Michal Lamdani

Personal information
- Native name: מיכל למדני
- Full name: Michal Lamdani-Cohen
- Nationality: Israeli
- Born: December 5, 1944 (age 81)
- Height: 5 ft 7.5 in (171 cm)
- Weight: 141 lb (64 kg)

Sport
- Sport: Track & field
- Event: High jump

Achievements and titles
- National finals: Israeli national high jump champion (1960-66, 1968)

= Michal Lamdani =

Michal Lamdani (מיכל למדני; born December 5, 1944), also Michal Lamdani-Cohen, is an Israeli former Olympic high jumper, eight-time Israeli champion, and former Maccabiah Games gold medal winner.

She was born in Israel, and is Jewish.

==High jumping career==
Lamdani was the Israeli Women's high jump champion in 1960–66, and in 1968 (as Michal Cohen), with a best jump of 3.65 metres.

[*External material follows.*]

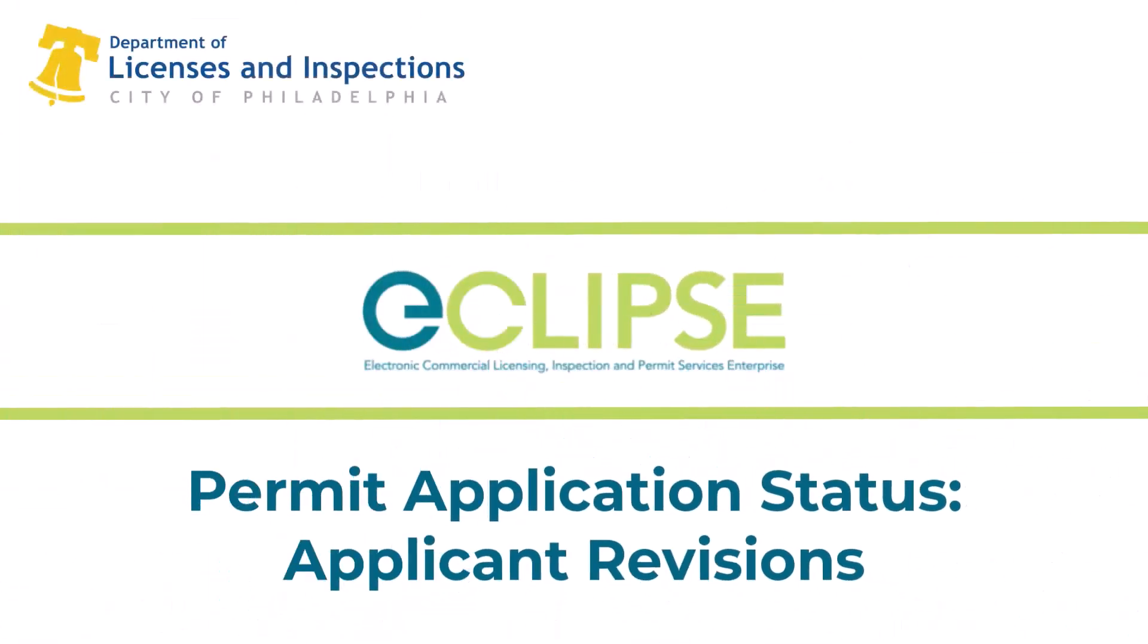Welcome to the eCLIPSE instructional video series. In this video we're going to show you how to review and resubmit requested revisions of plans or documents submitted as part of your permit application.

Lamdani competed for Israel at the 1964 Summer Olympics in Tokyo, Japan, at the age of 19. In the Women's High Jump she tied for 19th out of 26 competitors, with a best height cleared of 1.65 metres. When she competed in the Olympics, she was 5 ft 7.5 in tall and weighed 141 lb.

She competed for Israel at the 1965 Maccabiah Games, winning a gold medal in the high jump.